Des vestiaires cloisonnés
Parmi les créateur·ices qui, à l’instar d’Agnès B, Sonia Rykiel ou Viviane Westwood, questionnent le genre des vêtements, Jeanne Friot, une jeune styliste lesbienne française tente depuis 2020, de briser les carcans qui perdurent, en proposant des collections non stéréotypées, aux formes larges et ajustables. Fondatrice de la marque qui porte son nom, elle est influencée par les écrits de Monique Wittig, Virginie Despentes ou Judith Butler. Avec Viviane Westwood, marraine anglaise du mouvement punk, elle partage l’amour du tartan (un tissu à carreaux utilisé notamment dans la confection des kilts) et de la robe-ceinture, qu’elle revisite « comme une armure guerrière ».

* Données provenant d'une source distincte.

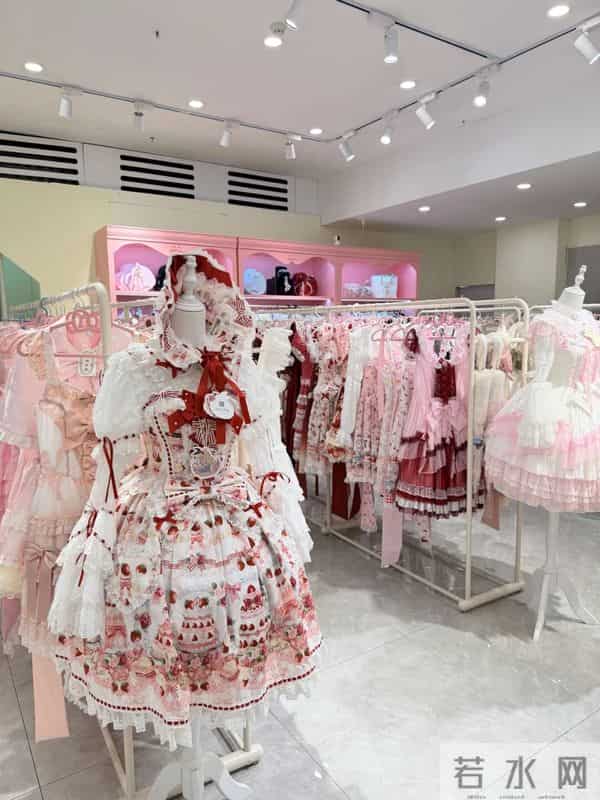 周末N次方 - 江汉路三坑人狂喜！宝藏JK-Lolita-国风店全攻略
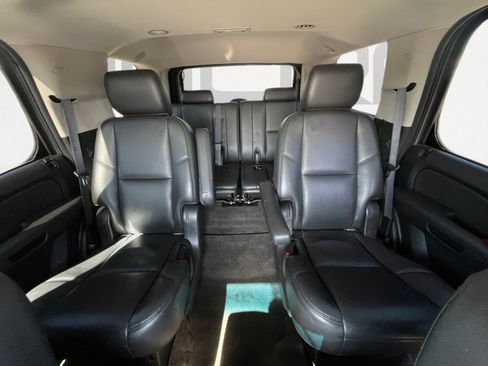 Used 2012 Chevrolet Tahoe LTZ image 11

Baignée dans la culture queer, Jeanne Friot souligne le potentiel émancipateur de la mode autant qu’elle en critique les conditions de production. « Dans les années 1990–2000, on ne voyait que des corps squelettiques et blancs sur les podiums. Il n’y avait pas de diversité, pas de fluidité dans les genres. » Si les maisons de haute couture font défiler de plus en plus de femmes androgynes et mélangent depuis les années 1990 hommes et femmes sur leurs podiums, la créatrice rappelle que dans la vie de tous les jours, dans les grands magasins, les espaces réservés aux vêtements féminins et masculins restent clairement cloisonnés. Quant aux vêtements dits unisexes ou neutres, ils s’inspirent toujours du vestiaire masculin – jamais l’inverse. Quand une femme met un pantalon ou une veste à larges épaules, elle s’approprie un symbole de pouvoir, alors qu’un homme qui porte des robes risque toujours d’être stigmatisé. En mettant en valeur des mannequins trans et non binaires dans ses défilés, elle espère confronter, changer les regards. « Jusqu’au jour où il sera possible pour tout le monde de porter ce qu’on veut en étant libre et en sécurité. »
(1) Émission de radio « Soyez témoin », diffusée sur la Chaîne parisienne, le 13 avril 1956.